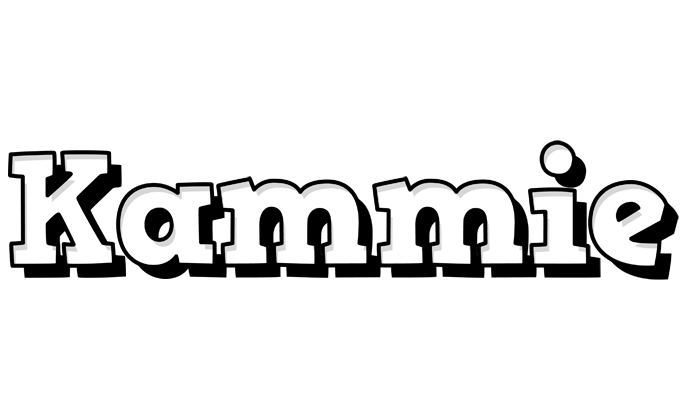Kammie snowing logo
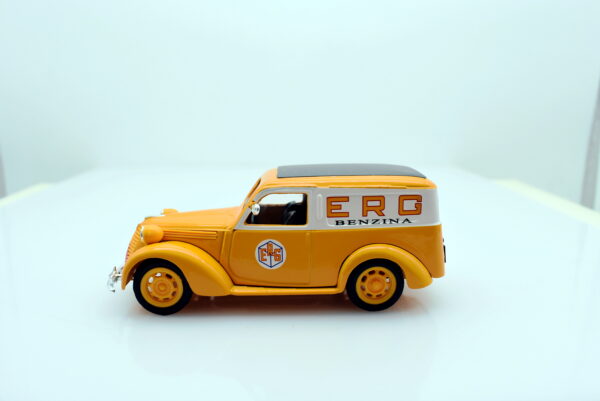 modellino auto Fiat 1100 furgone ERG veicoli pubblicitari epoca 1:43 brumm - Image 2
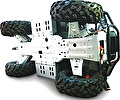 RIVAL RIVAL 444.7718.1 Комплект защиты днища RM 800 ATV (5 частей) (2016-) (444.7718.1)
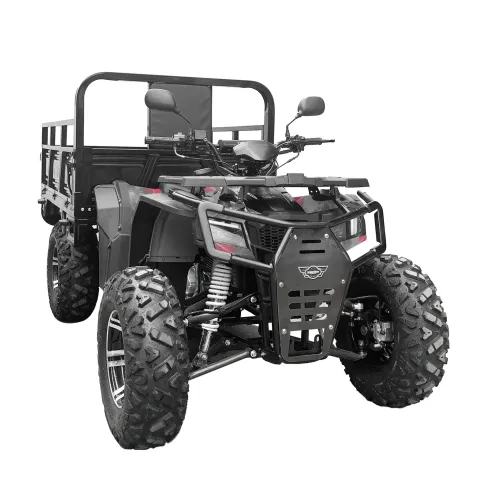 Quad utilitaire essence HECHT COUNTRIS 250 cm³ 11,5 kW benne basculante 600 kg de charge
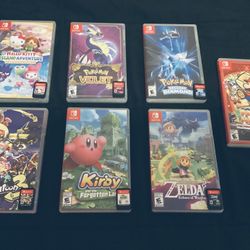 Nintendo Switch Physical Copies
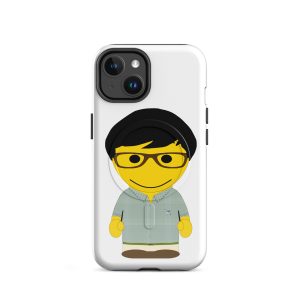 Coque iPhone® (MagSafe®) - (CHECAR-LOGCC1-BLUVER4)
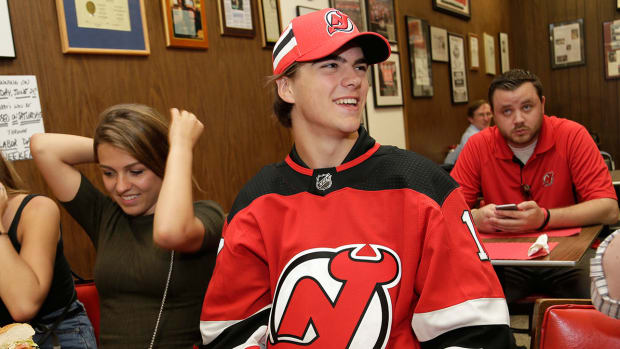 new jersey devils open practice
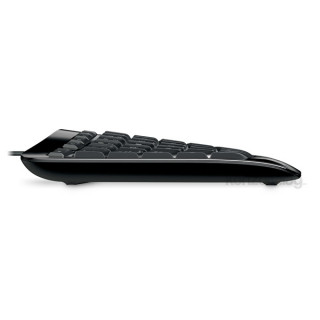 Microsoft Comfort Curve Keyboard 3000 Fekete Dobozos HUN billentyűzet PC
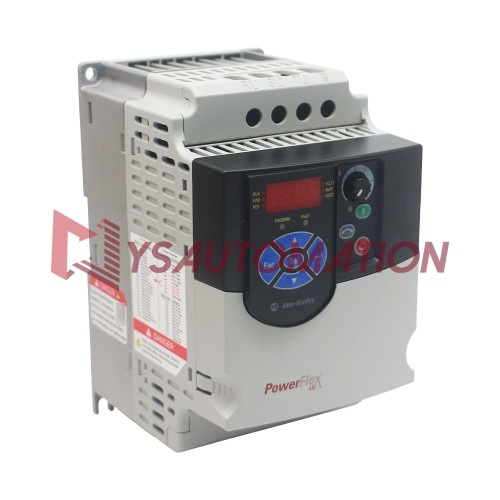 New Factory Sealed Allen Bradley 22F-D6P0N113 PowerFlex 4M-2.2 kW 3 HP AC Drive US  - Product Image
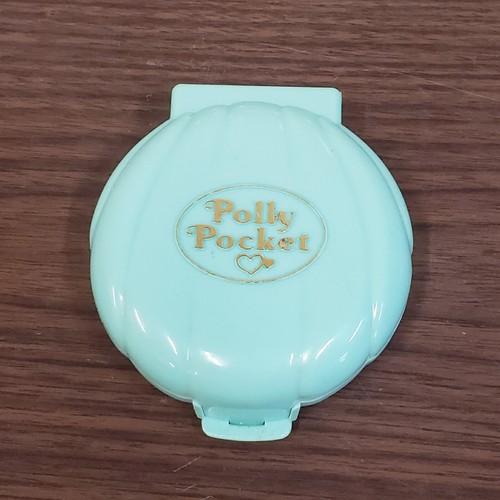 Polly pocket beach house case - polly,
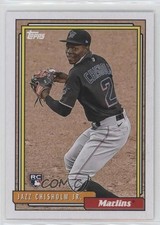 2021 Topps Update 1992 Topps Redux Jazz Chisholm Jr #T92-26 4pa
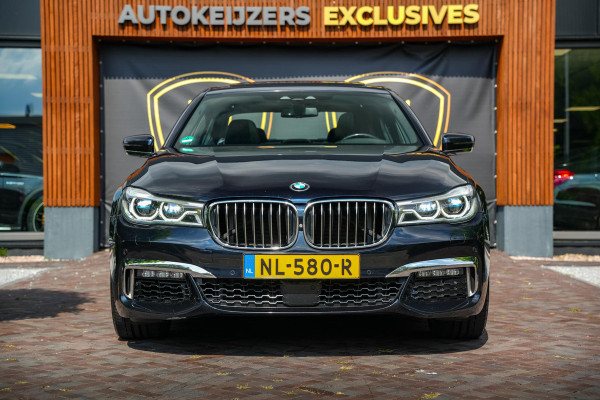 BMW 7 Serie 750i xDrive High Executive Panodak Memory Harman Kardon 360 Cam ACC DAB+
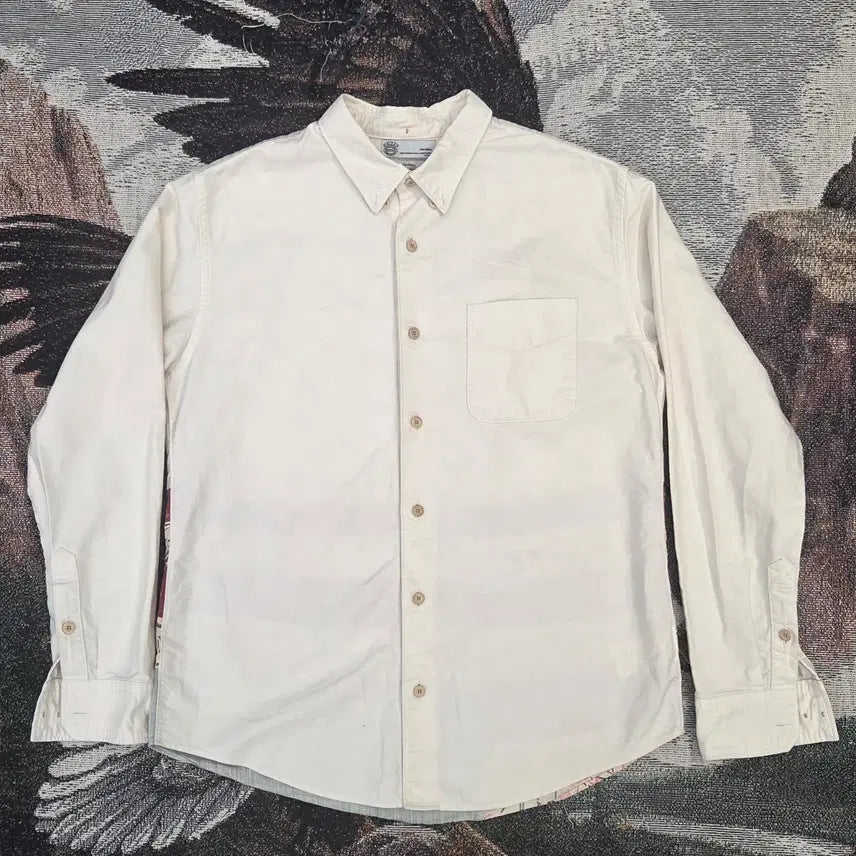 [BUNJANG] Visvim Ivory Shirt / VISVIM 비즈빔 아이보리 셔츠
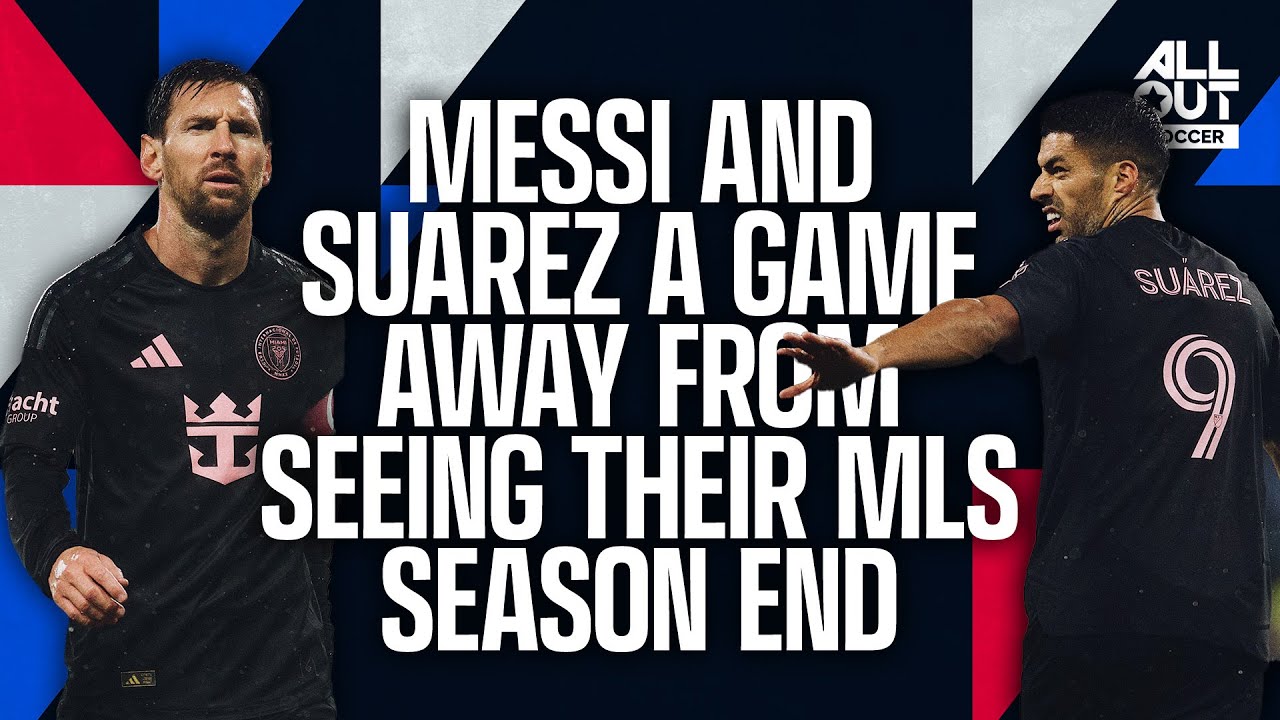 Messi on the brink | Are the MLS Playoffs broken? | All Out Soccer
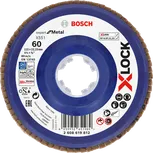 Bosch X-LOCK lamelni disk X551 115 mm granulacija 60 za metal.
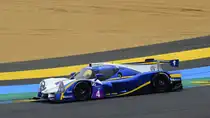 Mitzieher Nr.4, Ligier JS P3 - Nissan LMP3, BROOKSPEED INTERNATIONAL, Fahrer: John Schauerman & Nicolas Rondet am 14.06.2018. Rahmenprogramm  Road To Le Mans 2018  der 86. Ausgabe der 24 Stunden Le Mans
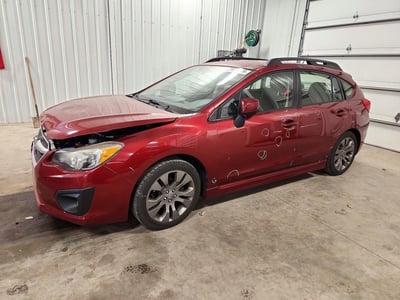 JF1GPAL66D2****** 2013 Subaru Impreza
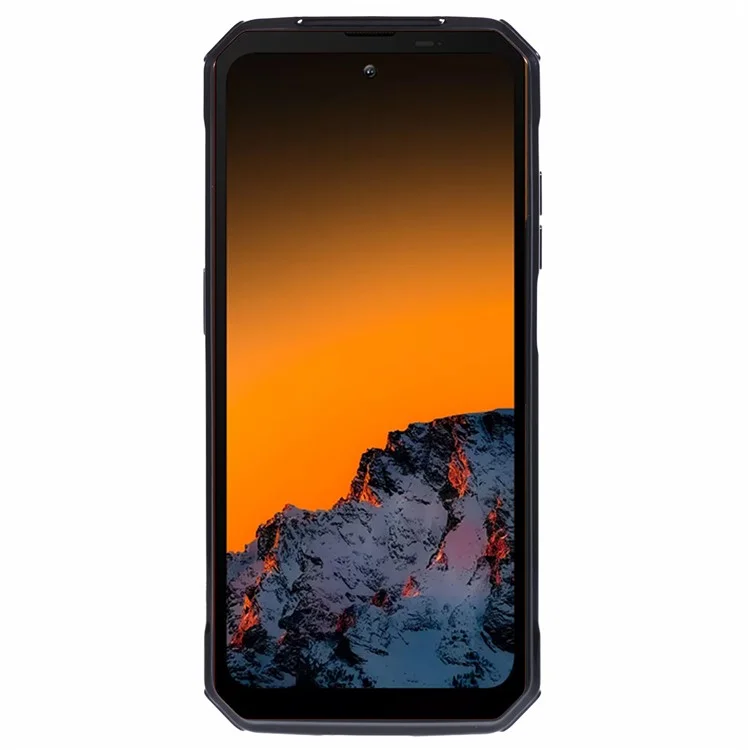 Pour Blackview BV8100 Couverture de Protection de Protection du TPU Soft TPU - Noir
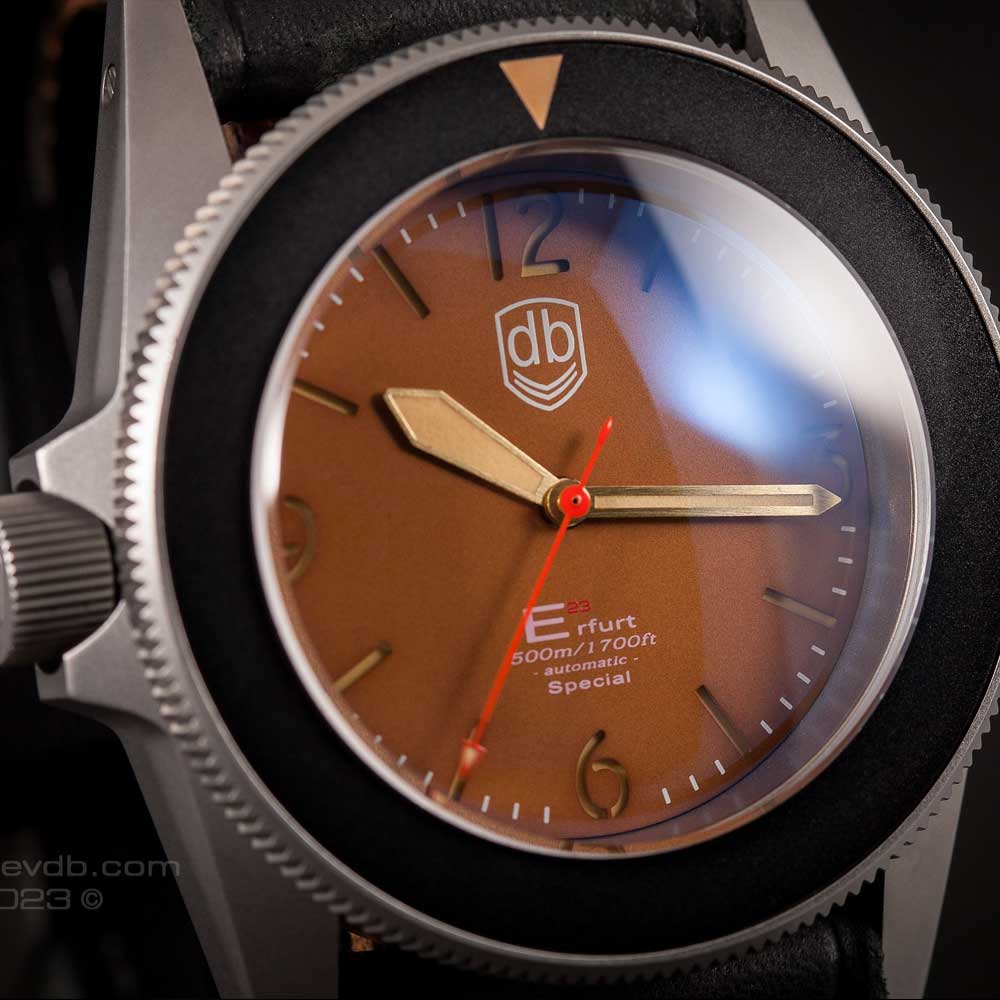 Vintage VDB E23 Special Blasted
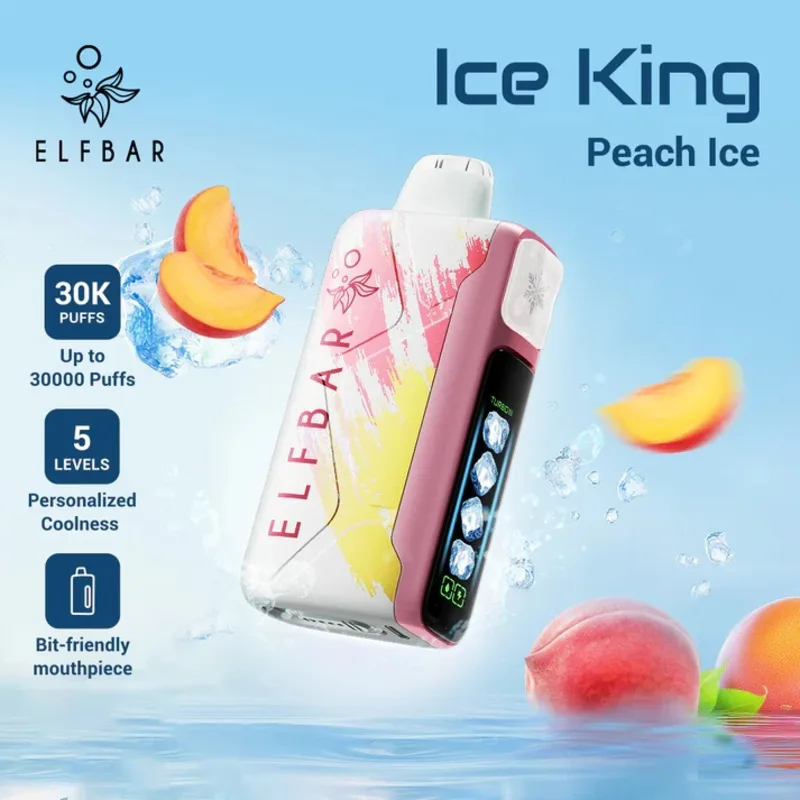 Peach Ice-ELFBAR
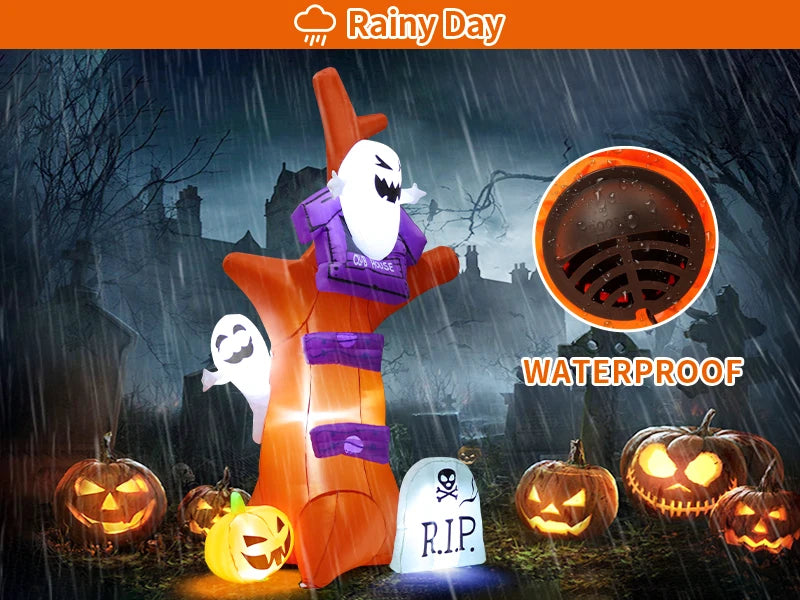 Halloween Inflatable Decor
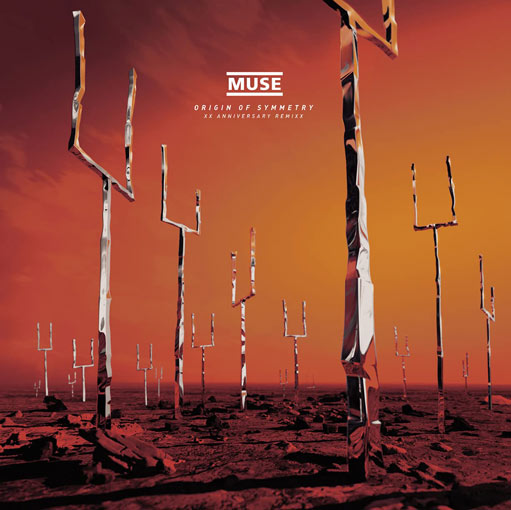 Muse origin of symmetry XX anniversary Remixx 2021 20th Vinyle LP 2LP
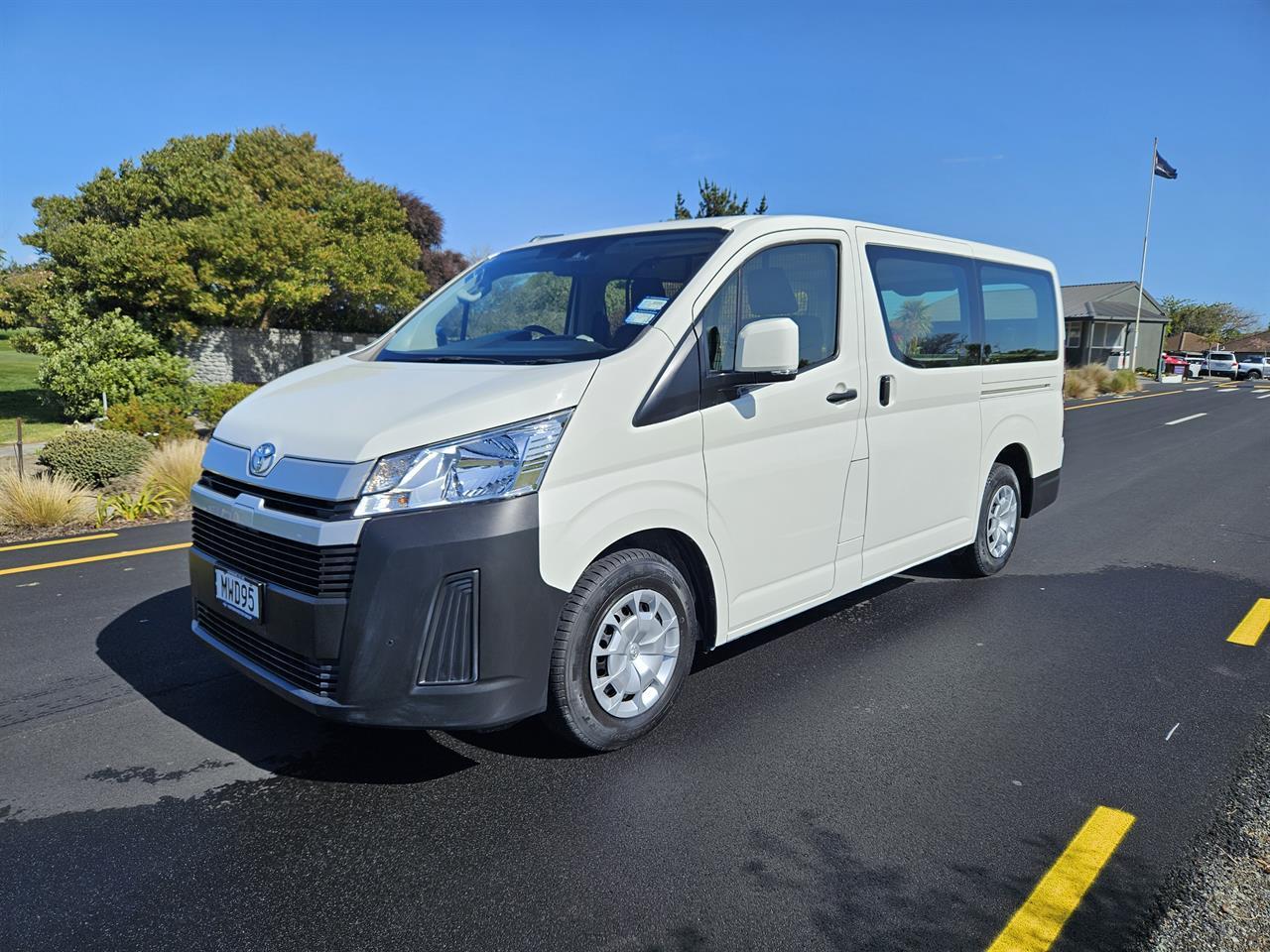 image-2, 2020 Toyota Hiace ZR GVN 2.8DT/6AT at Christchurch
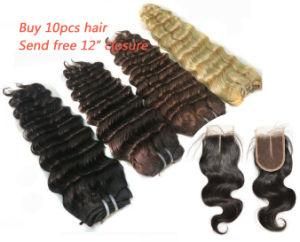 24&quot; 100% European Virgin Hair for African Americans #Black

____

• **WORK REQUIRED**: What you return must match, character for character, the lines above from the one with "new jersey devils open practice" through the one with "Mitzieher Nr.4, Ligier", minus any pictures.

• **EXERCISE RESULT**:
 new jersey devils open practice
 Microsoft Comfort Curve Keyboard 3000 Fekete Dobozos HUN billentyűzet PC
 New Factory Sealed Allen Bradley 22F-D6P0N113 PowerFlex 4M-2.2 kW 3 HP AC Drive US  - Product Image
 Polly pocket beach house case - polly,
 2021 Topps Update 1992 Topps Redux Jazz Chisholm Jr #T92-26 4pa
 BMW 7 Serie 750i xDrive High Executive Panodak Memory Harman Kardon 360 Cam ACC DAB+
 [BUNJANG] Visvim Ivory Shirt / VISVIM 비즈빔 아이보리 셔츠
 Messi on the brink | Are the MLS Playoffs broken? | All Out Soccer
 Bosch X-LOCK lamelni disk X551 115 mm granulacija 60 za metal.
 Mitzieher Nr.4, Ligier JS P3 - Nissan LMP3, BROOKSPEED INTERNATIONAL, Fahrer: John Schauerman & Nicolas Rondet am 14.06.2018. Rahmenprogramm  Road To Le Mans 2018  der 86. Ausgabe der 24 Stunden Le Mans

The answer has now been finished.